Automatically generate embeddings for text, images, and structured data using pre-trained models.

## Key Capabilities

* Pre-trained models for common use cases
* Batch processing for efficiency
* Automatic handling of tokenization and preprocessing
* Support for custom models

## What is an Embedding?

Embeddings are vector representations of data.
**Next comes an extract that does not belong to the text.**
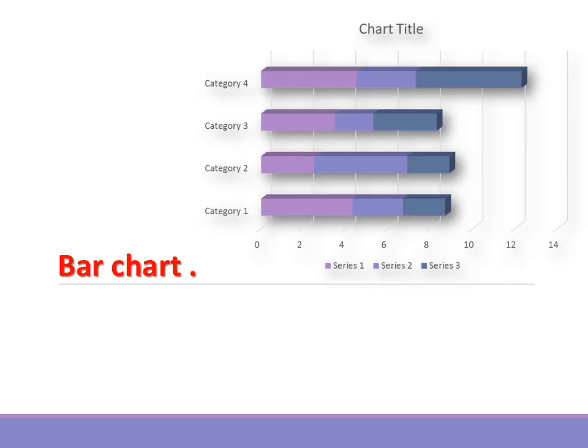Bar chart. When to use it: Use this when you want to compare data across different categories and is oriented horizontally. Remember, place your values on the x-axis and categories on the y-axis.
Embeddings are everywhere in modern
deep learning, such as transformers, recommendation engines, layers of deep neural
networks, encoders, and decoders.

## Why Embeddings for Analyzing Deep Learning Models?

Data drift in unstructured data like images is complicated to measure. The measures
typically used for drift in structured data do not extend to unstructured data.
The general challenge with measuring unstructured data drift is that you need to
understand the change in relationships inside the unstructured data itself.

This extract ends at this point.